As can be seen from Fig. 1, an easy and safe way to provide synchronization is to use a single lock to protect the entire model, and run the entire task in a critical section. Unfortunately, this scheme would imply that only one task runs at a time, so we would perform no better (and likely worse) than the sequential game.
The standard methodology to address this issue is to use (1) fine-grained locking, and (2) shorter critical sections. We ran into serious problems with this approach, however.
Next, we turned to software transactional memory (STM) which uses optimistic concurrency control: a runtime system monitors the memory accesses performed by a transaction and rolls them back if there are any conflicts. Unfortunately, we found that in our situation, standard STMs do not perform as envisioned, for the following three reasons.
Note that all three of these problems could be addressed by reducing the size of transactions; but then we would face similar programmability issues as with critical sections.
Our solution combines the MVC programming model with a classic trick from the concurrency playbook: replication.
First, each controller tells the runtime system the tasks it needs to perform (Fig. 2). The runtime system then calls these tasks concurrently in each frame, giving each task its own replica of the world to work on. At the end of each frame, any updates made to the task-local replicas are propagated to all other replicas.
To share data between tasks, the user wraps it with templates provided by the runtime library (Fig. 3). The runtime then creates task-local replicas automatically and propagates updates at the end of each frame. We use different template variations to wrap values, objects, and collections, respectively.
Accessing the replicated data from within the tasks is straightforward
(Fig. 4). For shared values, we use simple get()
and set(value)
methods to read or modify the task-local
replica.
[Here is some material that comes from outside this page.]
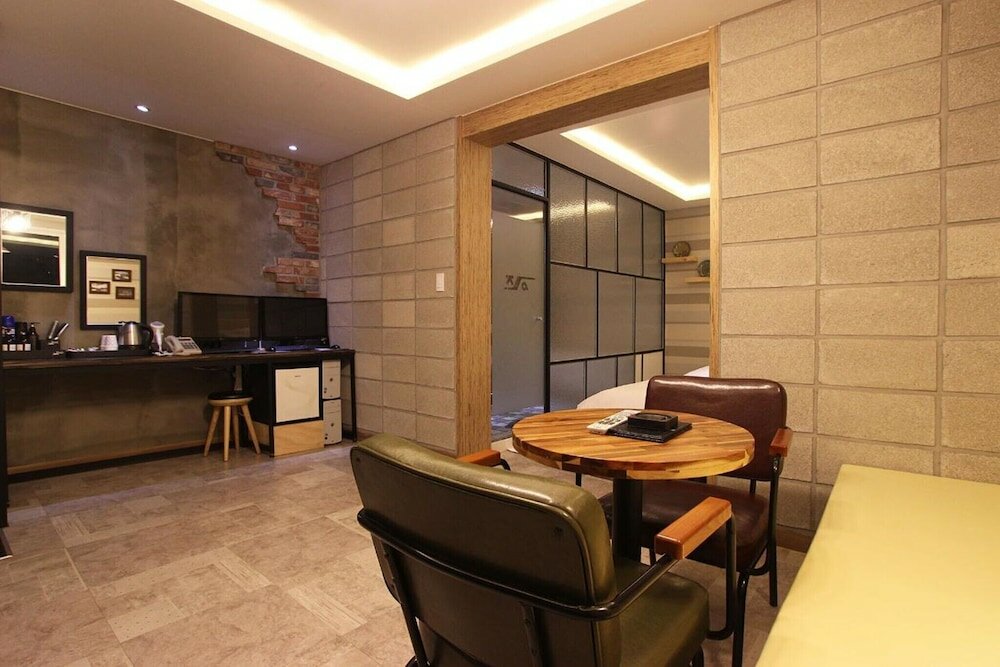 Фото Yeosu Hakdong Ja Self Check-in Motel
For shared objects and collections, we gain access to the
local replica by calling GetReadonly()
or GetForWrite()
,
depending on whether we plan to modify the object.
By default, our runtime throws an exception if shared objects are modified by more than one task. To allow truly concurrent modification, our runtime currently supports three kinds of specialized wrappers (Fig. 5).
In addition to wrapper templates, our library supports task barriers (Fig. 6). If the user specifies a task barrier ordering task A before task B, then task B does not start until task A is finished, and all object updates performed by task A are propagated to task B.
The runtime implementation takes care of managing the shared data (Fig. 7). It instantiates a fixed number of replicas of each shared object, equal to the number of tasks. Each task uses its (unique) task number to index into the array and access its own replica. In each frame, we record the set of shared objects each task has modified.
At the end of each frame, we process all the objects that were modified by some task. If they were modified by just one task, we simply propagate the updated version to all other copies, either by direct assignment (for shared values) or by calling an assignment method (for shared objects and collections). If an object was modified by more than one task, we pairwise reconcile the updates (using the priority, or using a merge function) before we propagate the final result to all replicas.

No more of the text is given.